New sub I created[edit]

Hey. I created a new sub that I use in my Perlwikipedia.pm. You might want to consider adding it to the official release. You pass in an image name, it returns an array of all articles that include the image (from the "File links" list).

=item get_file_links($pagename)

Returns array containing the pages that link to an image or other media.

=cut

sub get_file_links {
        my $self         = shift;
        my $pagename = shift;
        my $res = $self->_get( $pagename, 'view');
    unless ($res) { return; }
        unless ($res->decoded_content =~ m/\(pages on other projects are not listed\):<\/div><\/p>\n<ul>(.*?)\n<\/ul>/s) {return;}
        my $linklist = $1;
        my @articles = split(/\n/, $linklist);
        my @return;
        foreach my $article (@articles) {
                if ($article =~ m/<li><a href=\"[^"]*\" title=\"([^"]*)\">/) {
                        push(@return, $1);
                }
        }
        return @return;
}

what_links_here[edit]

The behavior of what_links_here seems problematic to me. It is currently returning not only pages that link to the specified page, but also pages that link to redirects to the specified page. However, it doesn't return the first page that links to a redirect.

For example, look at Jill Gascoine & Jill Gascoigne. Jill Gascoigne is a redirect to Jill Gascoine. If I compare a what_links_here here on both pages, the results of Jill Gascoine include all of those of Jill Gascoigne except for Morecambe and Wise which is missing.

It seems to me that what_links_here should only return pages that actually link to the requested page. Returning links to redirects doesn't seem that useful as I would rather specifically request what_links_here on the redirect if that's what I want, but perhaps I'm overlooking something.

So, I recommend either that:

  1. what_links_here be fixed to return the first page linking to a redirect; or
  2. what_links_here's Special::Whatlinkshere screen-scrap be replaced with a call to api.php which only returns direct links.

The benefit of the second is that api.php also supports filtering by namespace which would be convenient in some applications.

If there is interest in the api.php approach, I am willing to write the patch for that. -- JLaTondre 19:41, 4 August 2007 (UTC)

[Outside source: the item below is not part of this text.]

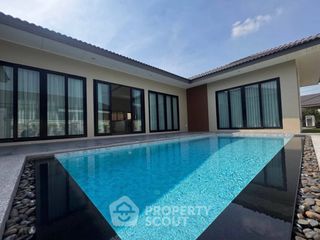 À vendre 3 chambres villa à Bang Lamung, Chonburi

It should work now. Shadow1 (talk) 13:44, 25 August 2007 (UTC)
Thanks. -- JLaTondre 23:56, 26 August 2007 (UTC)

CPAN[edit]

I started using this module and it looks fine. Of all the Perl bot frameworks i tried this is the first that i could install and made it do the right thing pretty quickly. Thanks for your work!

A question: Is there a reason you don't host this module on CPAN? CPAN is the natural place to look for Perl code, but anyone who searches CPAN for "MediaWiki" today finds the module of that name, which has impressive documentation, but appears to be unmaintained. Finding your framework on Wikipedia wasn't so trivial. --Amir E. Aharoni (talk) 15:47, 2 June 2008 (UTC)

Unicode[edit]

I'm running Ubuntu with Perl 5.8 in an all-UTF-8 environment. Perlwikipedia (today's SVN) seems to assume the terminal runs Latin-1. --LA2 (talk) 22:12, 11 July 2008 (UTC)

Categories[edit]

The function get_pages_in_category() seems to retrieve a web page and follow the "next 200" link. This of course has a different name in other languages of Wikipedia. The bot should be able to use an API call instead, to retrieve the full list of category members. See http://en.wikipedia.org/w/api.php for documentation. --LA2 (talk) 22:15, 11 July 2008 (UTC)

German Umlaute[edit]

If I use german Umlaute in a mediawiki article I get a pagelinks like Zweidimensionale_H%C3%A4ufigkeitsverteilung_-_Zweidimensionale_H%C3%A4ufigkeitstabellen. If I put this in get_text then I get an empty contents. In a browser this works; any idea what I can do? I have extracted the link with perl from the HTML of Special:Allpages. -- sigbert 14:50, 21 Aug 2008

I found a solution by modifying Perlwikipedia.pm. I added under sub new a $self->{getesc}=0; and replaced under sub _get the line my $no_escape = shift || 0; by my $no_escape = shift || $self->{getesc};. Then I can force from outside if a uri_escape_utf8 is done or not. --Sigbert (talk) 12:30, 17 September 2008 (UTC)

Dagothbot[edit]

At one of my wikis, I would like to develop a bot called DagothBot. I have XAMPP installed. Can Perlwikipedia work with the "perl.exe" file in XAMPP or do I need to download Perl from perl.org? I use x10Hosting to host the wiki. Dagoth Ur, Mad God 09:48, 18 September 2008 (UTC)